This project is an implementation of the classic Othello/Reversi board game, where you can play against a computer bot that uses the minimax algorithm with alpha-beta pruning. The game features both a console mode and a graphical user interface (GUI) mode !

• Game Rules
  • Starting Position
  • Gameplay
  • Ending the Game
  • Scoring
• Implementation
  • Data Structures
  • Minimax Algorithm with Alpha-Beta Pruning
  • Hashing Algorithms
• Installation
• Usage
  • Game Modes

Othello, also known as Reversi, is a classic board game played on an 8x8 grid. The game involves two players, one controlling black pieces and the other controlling white pieces. The objective is to have the most pieces of your color on the board when the game ends.

The game starts with a central arrangement of four discs: two white and two black discs, placed diagonally to each other. The black player makes the first move.

1. Players take turns placing their discs on the board.
2. A player can place a disc in a position that encloses the opponent's discs in a straight line (vertical, horizontal or diagonal).
3. All opponent's discs between the newly placed disc and another disc of the player's color are flipped to the player's color.
4. A move is valid only if it results in at least one opponent's disc being flipped.

The game ends when:

• The entire board is filled with discs.
• Any player has no valid moves.

At the end of the game, the player with the most discs of their color on the board wins.

This project employs a variety of data structures to effectively manage the game's logic and state:

The Game Tree maps potential moves and game states during gameplay. Each node represents a game state, and edges depict possible moves. This structure is vital for implementing the minimax algorithm with alpha-beta pruning, helping the bot assess and select moves.

The Limited Queue works with a breadth-first search (BFS) algorithm to efficiently navigate the game tree. It controls node count in the queue, optimizing memory while traversing the tree in a breadth-first manner.

The HashMap stores and retrieves encountered game states. Utilizing a limited number of buckets placed in a Dynamic Array, each bucket contains game states for efficient storage and retrieval. The HashMap's buckets are implemented as Map data structures, holding key-value pairs for enhanced lookups and updates.

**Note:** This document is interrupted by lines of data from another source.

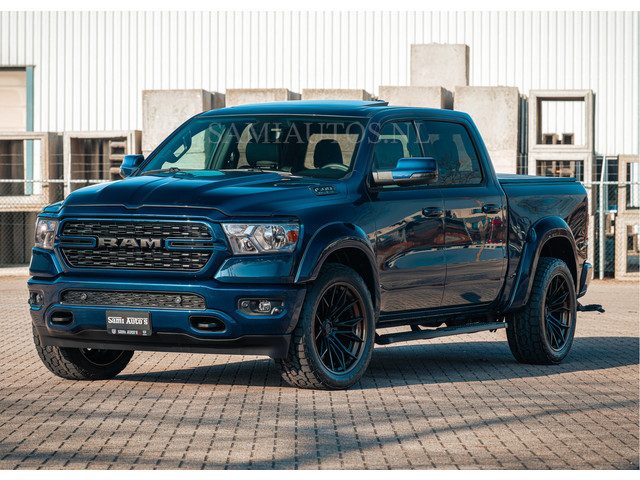Dodge Ram Pick-Up SPORT | 5.7 V8 4x4 HEMI | PANORAMA DAK | GROOTSCHEM 12 INCH | LPG | Patriot Blue |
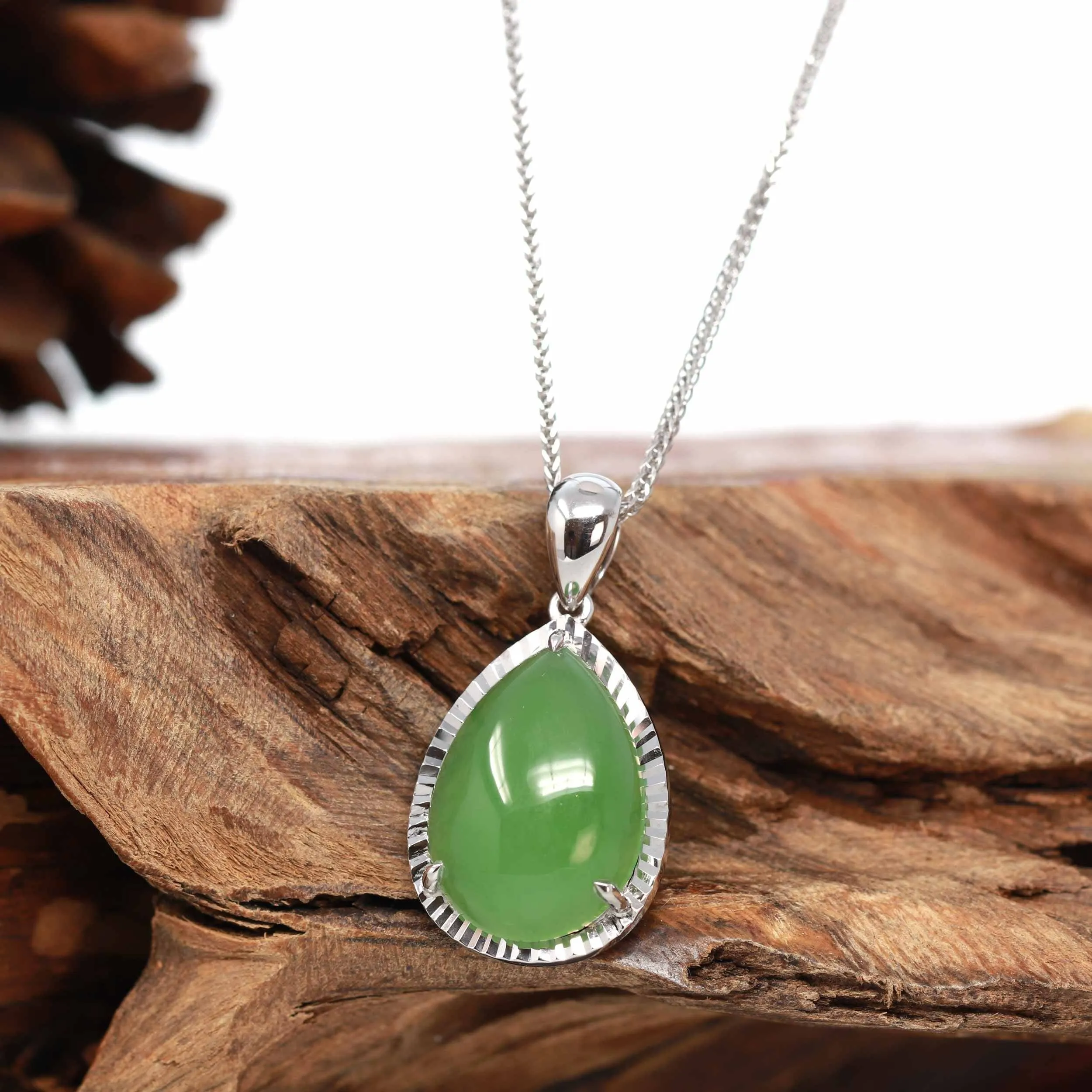 14K Gold Genuine Green Apple Green Jade Tear Drop Diamond Cut Pendant Necklace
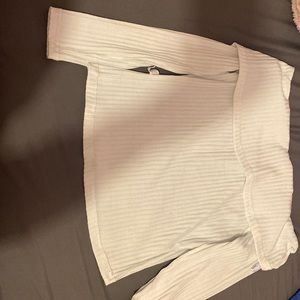 Whites off the shoulders crop top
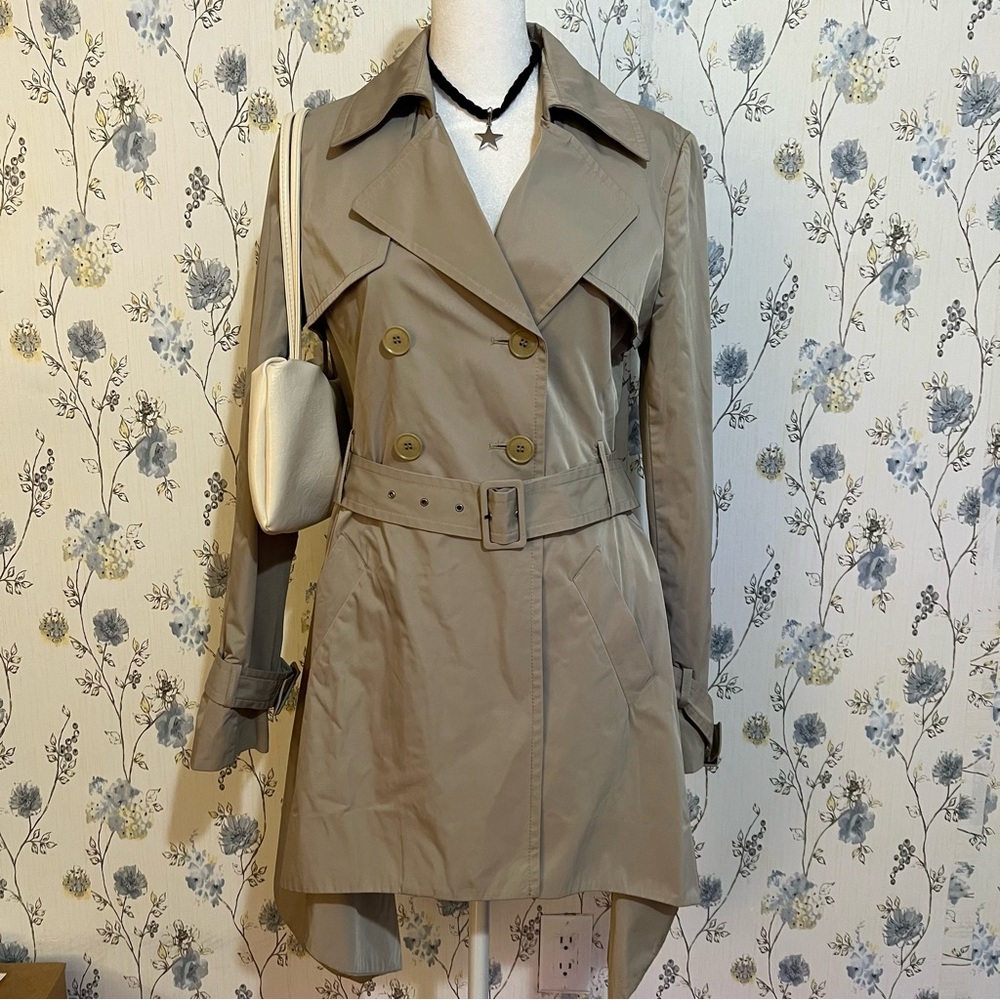 BCBGMaxAzria Beige Trench Coat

These structures work cohesively to manage game states effectively, streamline searches, optimize storage, and contribute to the minimax algorithm. Together, they form the heart of the project's algorithms, enhancing the Othello/Reversi gaming experience.

The bot uses the minimax algorithm with alpha-beta pruning for decision-making. This algorithm evaluates moves while considering the opponent's responses. By simulating move sequences, the bot assigns scores to outcomes, maximizing its score while minimizing the opponent's chances.

Alpha-beta pruning improves efficiency by removing suboptimal branches in the game tree. It maintains values, alpha and beta, to reduce nodes explored significantly.

The minimax algorithm adjusts its depth based on computation time and legal moves, balancing strategic depth with computational efficiency.

This project incorporates two hashing algorithms: Zobrist hashing and key compression, both of which are pivotal for efficiently managing game states within the HashMap.

Zobrist hashing involves assigning a random value to each possible piece-color-field combination on the game board. The hash value of a game state is computed by XOR-ing these random values based on the pieces' colors and corresponding field values. This hash value serves as an intermediary representation of the game state.

After Zobrist hashing, the key compression process further refines the hash value. The Zobrist hash value is combined with predetermined constants, and the result undergoes modular arithmetic using a prime number. This outcome is then reduced modulo the capacity of the HashMap, ensuring that the hash value falls within the range of available buckets.

Together, these hashing algorithms contribute to optimizing the performance and memory utilization of the HashMap, enabling efficient storage and retrieval of game states.

To run the Othello/Reversi game, follow these steps:

1. Clone the repository to your local machine:

   git clone https://github.com/coma007/Othello-Bot.git
   cd Othello-Bot

2. Ensure you have Python 3.x installed.
3. Install the necessary dependencies:

   pip install pygame

Navigate to the project directory and run the main script:

python3 main.py

Select a game mode by entering the corresponding number when prompted.

You can choose between two game modes:

1. Console Mode: Play the game in the console interface. You'll be presented with the game board and prompted to input your move by selecting a position from the list of legal moves. The board and game state will be displayed after each move, along with the estimated time for the last move.
2. GUI Mode: Play the game using a graphical user interface. A game window will pop up where you can make your moves by clicking on the legal positions. The GUI also displays the current game board, results, and estimated time for each move. The console will mirror the game state and moves in real-time. A demo video showcasing this mode is available bellow.

Please note that in both modes, the computer bot always plays as the white player, and the human player controls the black pieces.